LOL, A little "character" is ok, yeah, but not like this, too much rotten wood for me, personally it should be demolished and a house started from scratch!
It is amazing how often the mistake is made, only to find huge structural issues with the older house, and then spend as much as you would to start over and do it right. Just the energy inefficiency of these leaky 2x4 structures is reason enough to warm up the bull dozer to me.
A good friend of ours loved the small house on the place she bought. When she reviewed her fixup plans with her contractor (fortunately, a personal friend as well), he said that she would be making a huge mistake, and recommended that she bin the existing house and start over, which, amazingly, she did. So she how has a delightful new home which was designed around her preferences, is exactly the right size for her, and probably cost her less in the long run than trying to keep the old structure.

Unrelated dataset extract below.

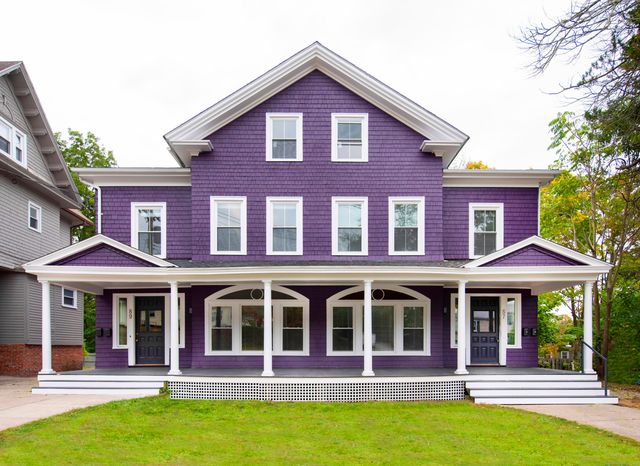 a front view of a house with swimming pool and porch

And, in British Columbia at least, if you buy an old home with a buried oil tank from the oil furnace days, you can end up liable for tens of thousands of dollars in remediation costs to dig up, haul away, and incinerate all the contaminated soil, including from your neighbour's yard if it got that far. Another good friend of ours ended up being liable for ~$13,000 when a buried oil tank was found on a house that she had sold decades earlier. The only reason she got away with only 13k was that two additional owners who owned it since she did were also jointly liable. Not one of the owners were aware that there had ever been an oil tank on the property, and previous owners who must have known could not be found.
And then there is the "heritage home" designation which may tie your hands about doing work on the structure.
Oops, almost forgot - linoleum in old houses often contains asbestos. Which requires expensive removal by experts with specialized equipment.
Beware old house projects - they require serious homework to reduce a bunch of potential risks, but no matter the homework, they can still generate very expensive surprises.